The gradual collapse of the Neo-Assyrian Empire at the end of the 7th century BCE made possible the emergence of the Neo-Babylonian Empire. This new empire did not last long, less than a century [from 626 to 539], but it was to leave an indelible mark on the history of the people of Israel.
In 605 BCE, King Nebuchadnezzar II [who reigned from 605 to 562] defeated the Pharaoh Necho at the Battle of Karkemish, on the Turkish/Syrian border today and extended the Babylonian realm across the Levant and as far as Egypt.
In this situation, the kingdom of Judah, until now an Assyrian vassal, came under the control of Babylon. These facts were recorded in Babylonian chronicles etched on clay tablets and are also known from the second Book of Kings and the Book of Jeremiah.

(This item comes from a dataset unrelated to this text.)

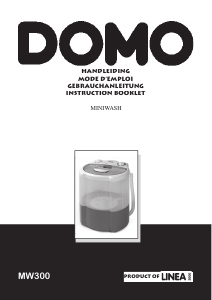 Bedienungsanleitung Domo MW 300 Waschmaschine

After this, however, Nebuchadnezzar suffered a number of military setbacks. King Jekoiakim of Judah, in alliance with Egypt, revolted against his rule. Retaliation soon followed: on 16 March 597 BCE, King Nebuchadnezzar took the city of Jerusalem and sent Jekoiakim’s son, who had recently become king, into exile together with other members of the Judean elite. He then placed Zedekiah on the throne of Judah.
But the revolt continued, perhaps because there were rumours about political troubles in Babylon. In 589 BCE, the Babylonian armies again marched against the Kingdom of Judah and, after a long siege, took Jerusalem in 586 BCE. The city and the sanctuary were burned down and religious objects inside the Temple were carried away to Babylon. Zedekiah was exiled with the remaining members of the elite and Gedaliah was appointed Governor [2 Kings 25.1-22]. But he was assassinated soon afterwards by a member of the royal family and it seems that, in response to this act, the Babylonians launched a third wave of deportations in 582 BCE [Jer. 52.30].
In order to escape further reprisals, some inhabitants of Judah probably chose to take refuge in Egypt. Over a 15-year period, the country lost a large number of its inhabitants but was not completely depopulated, as most of the rural population remained.
Nevertheless, the Kingdom of Judah disappeared from the map and the region of Judea (Yehud in Aramaic) was now a province of the Babylonian Empire.